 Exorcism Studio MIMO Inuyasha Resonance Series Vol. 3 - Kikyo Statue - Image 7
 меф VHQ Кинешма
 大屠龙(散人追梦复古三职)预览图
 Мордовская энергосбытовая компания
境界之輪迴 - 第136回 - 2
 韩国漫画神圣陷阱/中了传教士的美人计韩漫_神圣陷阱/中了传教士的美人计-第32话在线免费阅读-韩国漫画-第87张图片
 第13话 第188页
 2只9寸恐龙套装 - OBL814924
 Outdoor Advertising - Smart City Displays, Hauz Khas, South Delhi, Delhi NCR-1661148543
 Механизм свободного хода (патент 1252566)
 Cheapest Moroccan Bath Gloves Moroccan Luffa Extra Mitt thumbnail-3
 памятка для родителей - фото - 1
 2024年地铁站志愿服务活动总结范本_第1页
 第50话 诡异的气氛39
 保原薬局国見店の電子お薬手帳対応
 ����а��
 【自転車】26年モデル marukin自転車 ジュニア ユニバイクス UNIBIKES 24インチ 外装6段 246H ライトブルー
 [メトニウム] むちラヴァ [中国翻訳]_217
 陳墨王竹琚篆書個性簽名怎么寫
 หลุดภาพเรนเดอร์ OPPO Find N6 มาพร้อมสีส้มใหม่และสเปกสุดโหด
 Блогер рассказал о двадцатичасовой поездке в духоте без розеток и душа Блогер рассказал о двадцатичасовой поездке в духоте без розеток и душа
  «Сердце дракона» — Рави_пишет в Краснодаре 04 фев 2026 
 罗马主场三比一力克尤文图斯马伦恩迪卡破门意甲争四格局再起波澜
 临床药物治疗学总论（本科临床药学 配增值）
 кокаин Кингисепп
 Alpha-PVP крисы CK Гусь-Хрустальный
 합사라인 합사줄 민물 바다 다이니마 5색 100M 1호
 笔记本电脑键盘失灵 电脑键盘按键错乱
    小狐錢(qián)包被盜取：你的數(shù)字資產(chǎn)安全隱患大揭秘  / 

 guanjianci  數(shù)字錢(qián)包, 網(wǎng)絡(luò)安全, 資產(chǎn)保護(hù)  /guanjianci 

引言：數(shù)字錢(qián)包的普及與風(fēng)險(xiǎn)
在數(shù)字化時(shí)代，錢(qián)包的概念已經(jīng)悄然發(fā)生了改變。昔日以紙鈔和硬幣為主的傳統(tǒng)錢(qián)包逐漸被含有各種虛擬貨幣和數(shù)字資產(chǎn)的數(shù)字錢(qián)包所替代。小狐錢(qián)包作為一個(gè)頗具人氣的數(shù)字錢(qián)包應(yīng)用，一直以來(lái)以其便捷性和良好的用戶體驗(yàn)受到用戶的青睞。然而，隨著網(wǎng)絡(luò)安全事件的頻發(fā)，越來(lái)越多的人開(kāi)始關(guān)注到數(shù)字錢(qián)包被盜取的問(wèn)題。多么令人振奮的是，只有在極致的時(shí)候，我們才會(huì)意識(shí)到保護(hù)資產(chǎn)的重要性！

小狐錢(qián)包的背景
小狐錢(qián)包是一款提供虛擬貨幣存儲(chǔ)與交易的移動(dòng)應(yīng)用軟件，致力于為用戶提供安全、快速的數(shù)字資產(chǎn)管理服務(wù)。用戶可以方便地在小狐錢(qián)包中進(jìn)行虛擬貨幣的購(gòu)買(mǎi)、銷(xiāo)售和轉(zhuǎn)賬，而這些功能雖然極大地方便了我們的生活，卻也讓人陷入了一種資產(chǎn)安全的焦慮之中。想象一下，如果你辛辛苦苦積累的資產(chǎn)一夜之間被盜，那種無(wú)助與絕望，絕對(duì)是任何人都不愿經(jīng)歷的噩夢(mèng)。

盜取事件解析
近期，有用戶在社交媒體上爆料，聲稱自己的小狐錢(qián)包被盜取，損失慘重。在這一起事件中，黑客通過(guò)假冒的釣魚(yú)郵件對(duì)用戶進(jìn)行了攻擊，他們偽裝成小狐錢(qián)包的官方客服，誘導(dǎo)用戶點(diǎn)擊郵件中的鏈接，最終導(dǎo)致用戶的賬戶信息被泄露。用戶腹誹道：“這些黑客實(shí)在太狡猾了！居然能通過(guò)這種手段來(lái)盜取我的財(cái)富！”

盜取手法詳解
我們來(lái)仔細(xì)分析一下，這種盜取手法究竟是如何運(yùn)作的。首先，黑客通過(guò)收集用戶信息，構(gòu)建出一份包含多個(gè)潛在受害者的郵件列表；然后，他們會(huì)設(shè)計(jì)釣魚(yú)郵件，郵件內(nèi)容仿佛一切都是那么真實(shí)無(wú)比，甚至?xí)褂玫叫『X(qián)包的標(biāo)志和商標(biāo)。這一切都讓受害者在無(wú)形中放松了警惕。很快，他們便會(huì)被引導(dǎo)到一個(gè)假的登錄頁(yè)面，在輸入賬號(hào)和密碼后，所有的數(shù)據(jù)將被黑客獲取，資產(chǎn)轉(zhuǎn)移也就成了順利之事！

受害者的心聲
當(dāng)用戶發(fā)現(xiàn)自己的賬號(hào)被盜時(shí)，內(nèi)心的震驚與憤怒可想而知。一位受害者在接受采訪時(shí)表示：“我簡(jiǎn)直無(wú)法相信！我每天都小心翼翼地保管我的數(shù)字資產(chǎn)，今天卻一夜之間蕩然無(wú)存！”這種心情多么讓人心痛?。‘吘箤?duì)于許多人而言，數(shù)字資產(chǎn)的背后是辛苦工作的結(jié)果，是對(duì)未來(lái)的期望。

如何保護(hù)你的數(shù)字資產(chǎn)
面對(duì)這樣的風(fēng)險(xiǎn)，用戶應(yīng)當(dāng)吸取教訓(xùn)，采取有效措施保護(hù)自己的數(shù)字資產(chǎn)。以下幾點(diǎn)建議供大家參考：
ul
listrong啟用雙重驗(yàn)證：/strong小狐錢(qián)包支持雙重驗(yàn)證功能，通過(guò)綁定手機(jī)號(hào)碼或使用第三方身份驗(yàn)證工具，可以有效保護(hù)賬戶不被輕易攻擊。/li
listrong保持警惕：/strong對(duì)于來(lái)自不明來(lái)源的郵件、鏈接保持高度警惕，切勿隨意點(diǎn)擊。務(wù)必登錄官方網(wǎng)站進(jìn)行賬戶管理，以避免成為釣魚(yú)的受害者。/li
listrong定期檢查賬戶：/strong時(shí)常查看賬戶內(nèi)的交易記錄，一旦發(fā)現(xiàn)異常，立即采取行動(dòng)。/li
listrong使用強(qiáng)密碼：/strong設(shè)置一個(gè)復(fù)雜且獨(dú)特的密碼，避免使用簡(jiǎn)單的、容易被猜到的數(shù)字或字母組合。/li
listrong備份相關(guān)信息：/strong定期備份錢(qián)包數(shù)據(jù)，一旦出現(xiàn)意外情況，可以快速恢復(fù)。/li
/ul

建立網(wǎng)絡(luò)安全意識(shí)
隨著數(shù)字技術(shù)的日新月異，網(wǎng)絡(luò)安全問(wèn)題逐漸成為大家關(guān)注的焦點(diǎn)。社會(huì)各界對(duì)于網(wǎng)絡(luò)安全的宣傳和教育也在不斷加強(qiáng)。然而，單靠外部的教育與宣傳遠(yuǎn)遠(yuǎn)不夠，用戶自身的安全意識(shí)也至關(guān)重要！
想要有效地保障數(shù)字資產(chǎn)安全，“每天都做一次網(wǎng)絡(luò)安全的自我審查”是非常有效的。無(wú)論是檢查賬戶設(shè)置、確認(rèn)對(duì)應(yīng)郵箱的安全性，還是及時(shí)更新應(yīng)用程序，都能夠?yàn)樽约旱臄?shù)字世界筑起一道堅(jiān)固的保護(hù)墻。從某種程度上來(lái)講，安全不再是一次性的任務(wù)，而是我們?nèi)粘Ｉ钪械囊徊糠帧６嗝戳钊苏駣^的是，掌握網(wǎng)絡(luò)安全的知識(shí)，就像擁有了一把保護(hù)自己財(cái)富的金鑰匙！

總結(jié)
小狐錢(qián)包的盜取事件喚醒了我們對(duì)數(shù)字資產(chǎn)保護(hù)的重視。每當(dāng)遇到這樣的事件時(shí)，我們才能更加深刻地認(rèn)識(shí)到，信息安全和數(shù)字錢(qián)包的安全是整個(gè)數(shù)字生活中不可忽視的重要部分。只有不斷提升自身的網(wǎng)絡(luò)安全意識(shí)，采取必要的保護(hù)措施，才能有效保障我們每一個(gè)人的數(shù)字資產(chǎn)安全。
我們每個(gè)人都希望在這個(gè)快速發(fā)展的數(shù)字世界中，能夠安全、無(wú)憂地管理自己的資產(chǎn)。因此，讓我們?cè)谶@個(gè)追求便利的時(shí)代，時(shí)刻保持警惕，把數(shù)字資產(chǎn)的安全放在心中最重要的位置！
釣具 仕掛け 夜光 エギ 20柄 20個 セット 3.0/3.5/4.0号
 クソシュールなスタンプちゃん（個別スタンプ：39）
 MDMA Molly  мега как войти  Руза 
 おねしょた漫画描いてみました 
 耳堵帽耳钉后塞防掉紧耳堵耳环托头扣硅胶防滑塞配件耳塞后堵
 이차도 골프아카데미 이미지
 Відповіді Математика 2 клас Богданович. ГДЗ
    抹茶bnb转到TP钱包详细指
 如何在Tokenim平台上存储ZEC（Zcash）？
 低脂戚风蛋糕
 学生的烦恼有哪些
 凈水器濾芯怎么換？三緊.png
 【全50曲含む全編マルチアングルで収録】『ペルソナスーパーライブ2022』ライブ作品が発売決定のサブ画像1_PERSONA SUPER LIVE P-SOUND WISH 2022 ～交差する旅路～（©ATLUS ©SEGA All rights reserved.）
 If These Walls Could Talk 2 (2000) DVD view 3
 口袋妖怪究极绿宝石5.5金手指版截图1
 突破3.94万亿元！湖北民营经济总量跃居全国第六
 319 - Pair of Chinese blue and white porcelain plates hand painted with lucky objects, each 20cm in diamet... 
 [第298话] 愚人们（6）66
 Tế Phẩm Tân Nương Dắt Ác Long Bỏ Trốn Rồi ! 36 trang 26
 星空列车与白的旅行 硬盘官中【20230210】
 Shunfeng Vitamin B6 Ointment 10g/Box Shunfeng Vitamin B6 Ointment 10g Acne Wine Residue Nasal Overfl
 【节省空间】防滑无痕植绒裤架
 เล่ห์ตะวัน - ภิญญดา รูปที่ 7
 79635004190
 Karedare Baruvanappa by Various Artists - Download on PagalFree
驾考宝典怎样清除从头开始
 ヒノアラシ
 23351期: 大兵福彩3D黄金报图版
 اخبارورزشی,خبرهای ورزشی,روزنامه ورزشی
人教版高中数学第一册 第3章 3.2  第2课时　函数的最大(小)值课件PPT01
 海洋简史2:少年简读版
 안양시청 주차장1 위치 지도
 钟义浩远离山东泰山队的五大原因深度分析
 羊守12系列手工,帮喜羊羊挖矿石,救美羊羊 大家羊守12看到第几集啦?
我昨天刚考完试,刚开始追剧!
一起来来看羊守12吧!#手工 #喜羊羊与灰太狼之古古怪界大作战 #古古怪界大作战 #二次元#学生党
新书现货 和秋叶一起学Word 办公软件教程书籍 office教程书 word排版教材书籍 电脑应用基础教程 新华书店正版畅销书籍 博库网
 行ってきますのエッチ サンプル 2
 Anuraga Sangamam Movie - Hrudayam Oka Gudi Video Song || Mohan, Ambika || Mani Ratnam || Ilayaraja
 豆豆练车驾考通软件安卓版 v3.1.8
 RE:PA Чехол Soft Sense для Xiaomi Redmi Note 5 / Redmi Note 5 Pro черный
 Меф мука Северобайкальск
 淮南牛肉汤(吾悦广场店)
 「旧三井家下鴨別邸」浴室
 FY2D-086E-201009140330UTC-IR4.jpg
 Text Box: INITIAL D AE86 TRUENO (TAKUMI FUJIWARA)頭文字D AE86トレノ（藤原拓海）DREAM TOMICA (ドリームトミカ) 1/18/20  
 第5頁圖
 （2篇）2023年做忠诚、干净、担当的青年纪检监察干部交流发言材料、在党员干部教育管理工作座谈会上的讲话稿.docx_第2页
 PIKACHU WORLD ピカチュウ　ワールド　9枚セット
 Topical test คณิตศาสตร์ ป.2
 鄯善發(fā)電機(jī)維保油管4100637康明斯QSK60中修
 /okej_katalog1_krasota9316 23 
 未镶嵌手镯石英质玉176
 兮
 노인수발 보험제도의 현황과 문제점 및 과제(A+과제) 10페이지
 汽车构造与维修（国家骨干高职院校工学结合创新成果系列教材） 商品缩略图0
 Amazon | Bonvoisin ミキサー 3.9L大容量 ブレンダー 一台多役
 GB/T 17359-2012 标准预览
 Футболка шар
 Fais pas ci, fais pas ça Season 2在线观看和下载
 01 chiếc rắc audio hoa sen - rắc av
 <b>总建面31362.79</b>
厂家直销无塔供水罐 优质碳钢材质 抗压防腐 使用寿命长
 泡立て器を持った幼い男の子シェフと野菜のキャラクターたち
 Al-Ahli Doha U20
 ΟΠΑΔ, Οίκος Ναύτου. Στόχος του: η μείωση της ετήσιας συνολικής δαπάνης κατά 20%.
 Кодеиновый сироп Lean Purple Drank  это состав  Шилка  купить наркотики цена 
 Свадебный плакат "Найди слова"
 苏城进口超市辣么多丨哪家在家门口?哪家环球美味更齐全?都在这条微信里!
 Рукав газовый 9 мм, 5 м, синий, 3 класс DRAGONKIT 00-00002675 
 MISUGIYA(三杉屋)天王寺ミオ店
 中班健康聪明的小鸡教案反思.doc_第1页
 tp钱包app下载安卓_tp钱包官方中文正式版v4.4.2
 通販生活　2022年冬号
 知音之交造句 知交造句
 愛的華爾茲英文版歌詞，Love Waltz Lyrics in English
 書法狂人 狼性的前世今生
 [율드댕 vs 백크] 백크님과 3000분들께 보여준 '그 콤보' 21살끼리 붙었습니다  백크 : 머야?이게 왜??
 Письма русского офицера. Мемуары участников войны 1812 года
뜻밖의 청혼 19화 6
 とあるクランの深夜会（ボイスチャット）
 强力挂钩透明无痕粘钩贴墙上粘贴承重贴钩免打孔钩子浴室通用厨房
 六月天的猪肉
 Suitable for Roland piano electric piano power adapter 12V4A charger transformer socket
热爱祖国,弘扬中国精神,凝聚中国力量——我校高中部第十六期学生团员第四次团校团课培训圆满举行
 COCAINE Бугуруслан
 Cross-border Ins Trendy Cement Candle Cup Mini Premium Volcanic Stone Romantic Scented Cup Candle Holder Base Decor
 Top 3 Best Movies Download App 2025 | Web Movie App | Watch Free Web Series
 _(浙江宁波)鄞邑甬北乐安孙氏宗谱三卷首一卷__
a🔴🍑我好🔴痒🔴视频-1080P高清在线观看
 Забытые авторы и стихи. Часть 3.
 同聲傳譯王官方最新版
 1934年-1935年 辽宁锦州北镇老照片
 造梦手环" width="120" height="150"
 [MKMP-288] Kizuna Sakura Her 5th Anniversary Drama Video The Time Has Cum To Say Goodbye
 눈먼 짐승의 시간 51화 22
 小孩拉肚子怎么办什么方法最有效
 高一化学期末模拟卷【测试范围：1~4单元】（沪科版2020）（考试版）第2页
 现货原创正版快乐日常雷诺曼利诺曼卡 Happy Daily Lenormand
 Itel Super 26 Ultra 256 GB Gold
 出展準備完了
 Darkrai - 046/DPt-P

• **The problem**: Return each line of the records above in which the word "Movie" occurs.

• **Response below**:
 Anuraga Sangamam Movie - Hrudayam Oka Gudi Video Song || Mohan, Ambika || Mani Ratnam || Ilayaraja
 Top 3 Best Movies Download App 2025 | Web Movie App | Watch Free Web Series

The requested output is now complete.